Study Guide

The Girl Who Kicked the Hornet's Nest Symbolism, Imagery, Allegory

By Stieg Larsson

Symbolism, Imagery, Allegory


Apparently, people have been getting tattoos for over 5000 years, but they've only recently gained popularity in Western culture (source). To say they've gained popularity is a bit of an understatement. There's a tattoo explosion going on around us. Yet, having tattoos are still controversial in Western and other societies.

In our discussion of symbols in The Girl With The Dragon Tattoo we suggest that Salander's tattoos are a map of her past, and we hope to learn more about them in the future. In The Girl Who Played With Fire Salander has the wasp tattoo on her neck removed. Wasp is her hacker name and she fears the tattoo is too conspicuous. In this, the final novel of the trilogy, tattoos seem to symbolize several things, even though we never learn the meaning of Salander's rose tattoo or her tattoo of a Chinese symbol.

Privacy, Pain and Beauty

Salander won't discuss her tattoos with Dr. Jonasson, but she does she show him her dragon tattoo. He says, "It's beautiful, but it must have hurt like hell" (9.125). She replies, "Yes, […] it hurt" (9.126). Salander's tattoos are not like books that the public is free to analyze. Yet, she does allow select people to appreciate the beauty of them, beauty that can be seen as something born of great pain and suffering. Salander's ability to transform her suffering into something beautiful is revealed in pondering her tattoos.


After Nils Bjurman rapes Salander in Tattoo, she tattoos "I AM A SADISTIC PIG, A PERVERT, AND A RAPIST" (14.93) on his belly. This is not just vengeance but her version of justice. She tattoos him to deter him from showing himself to women he might abuse. When he dies, the tattoo is a clue that he probably raped somebody. Eventually everybody learns that that somebody is Salander.

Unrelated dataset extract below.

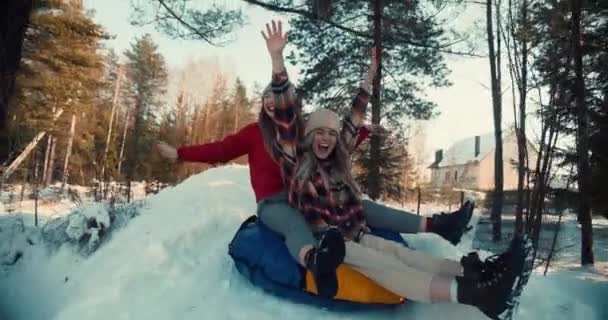 Ağır çekimde, iki güzel, heyecanlı mutlu kadın kollarını kaldırmış güneşli kar ormanı yamacında kameraya doğru kayıyor. — Stok video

At her trial, Teleborian testifies that Salander's tattoos "are no normal measure of fetishism or body decoration" (26.80) but rather "a manifestation of self hate" (26.71). Salander's lawyer announces that she herself has a tattoo and asks Teleborian "At what percentage of tattooed body surface does it stop being fetishism and become mental illness?" (26.83). He's at a total loss for words. Plus, he's trying to say that Salander's tattoos are evidence that she is dangerous to herself, and justify his keeping her in restraints for hundreds of days when she was a teen. As Salander's lawyer points out, she got the tattoos long after she was at St. Stefan's. All in all, Salander's tattoos help her win in court and help her get the declaration of incompetence revoked. Salander is free to have tattoos and to live as a citizen in her native land.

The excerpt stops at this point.